The menu at Chat Thai’s Campbell Street flagship is long. Really long. We’re talking more than 100 items long. If Anderson had to choose her favourite dish, though, it’d be the gaeng bpu, a coconut-based yellow curry of crab meat and betel leaves with rice vermicelli noodles. “It’s the culmination of an R&D trip my mother and I took to Phuket,” she says. “I love how warming, aromatic, herbal and spicy it is. We make the curry paste with turmeric fresh in-house and use lots of spanner or mud crab meat, depending on what’s available. It’s a real crowd pleaser.”
Perhaps being a spark plug runs in Palisa Anderson’s blood. Anderson is the daughter of the late Amy Chanta, who founded the first Chat Thai restaurant in Darlinghurst in 1989 and, as a result, became a pivotal force in introducing unadulterated Thai cooking to the Australian palate.

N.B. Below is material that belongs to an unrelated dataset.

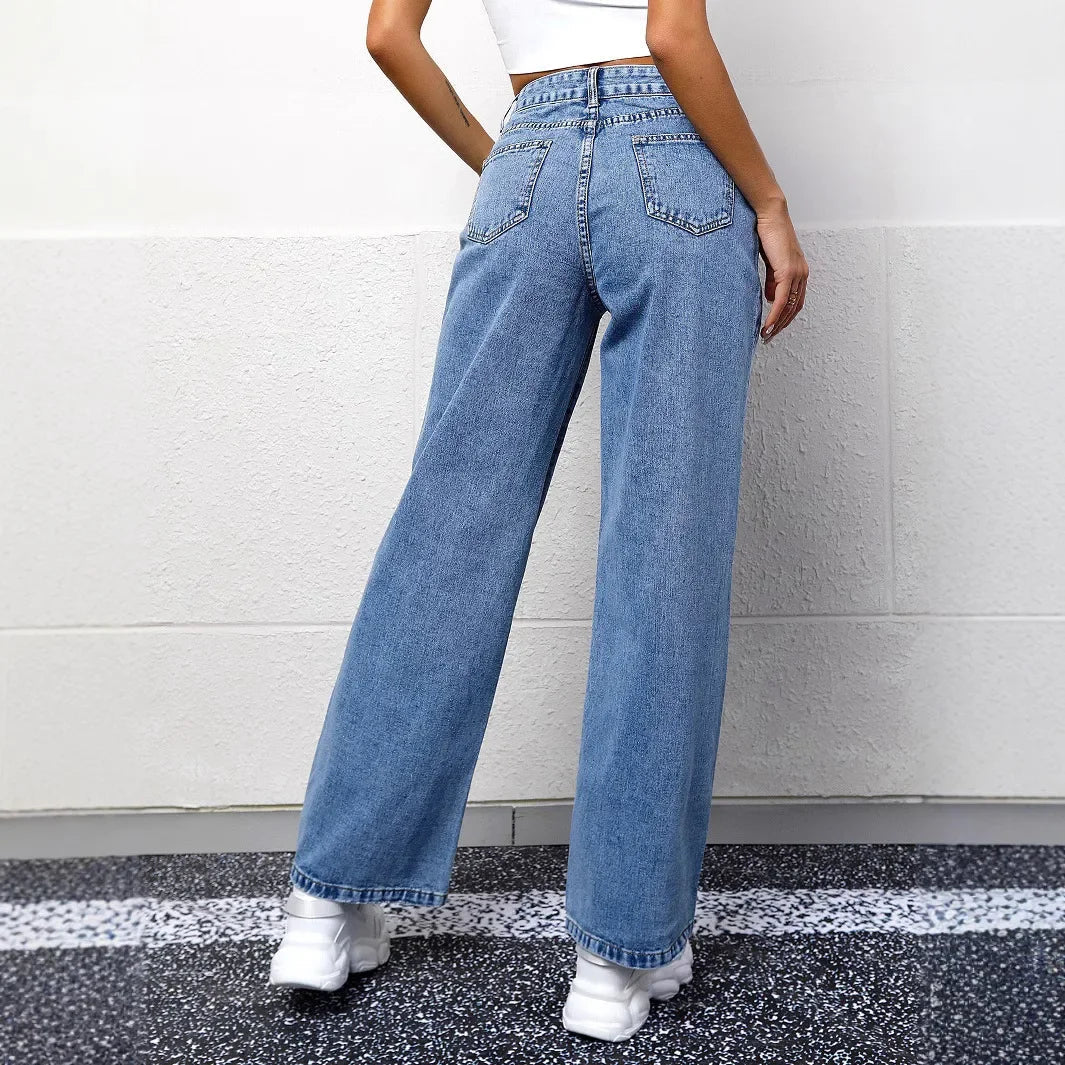 Jeans Donna Mom Vita Alta Taglio Dritto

There are now Chat Thai outposts all over Sydney – from Randwick and the CBD up to Chatswood and Manly – but the 2007 opening of the Campbell Street location proved especially transformative for the city’s Thai people.
“Back then, that small pocket between Chinatown and Surry Hills was more isolated than it is now,” Anderson says. “Ours was one of a handful of Thai businesses that conglomerated in the area and attracted a whole lot of other people that saw its potential. You’d build it, and they’d come.”
And come they did. So much so that, in 2013, the Haymarket stretch of Campbell Street and portions of Pitt and Goulburn Streets were officially given a name by the City of Sydney – Thai Town – making it arguably one of only two Thai Towns in the world (the other being in Los Angeles). Two years later, the family opened Boon Café around the corner, fusing traditional Isaan cuisine and East-meets-West creations geared towards a new generation of diners – think bacon-and-egg congee, fried chicken burgers garnished with green papaya salad and pandan coconut chiffon cake.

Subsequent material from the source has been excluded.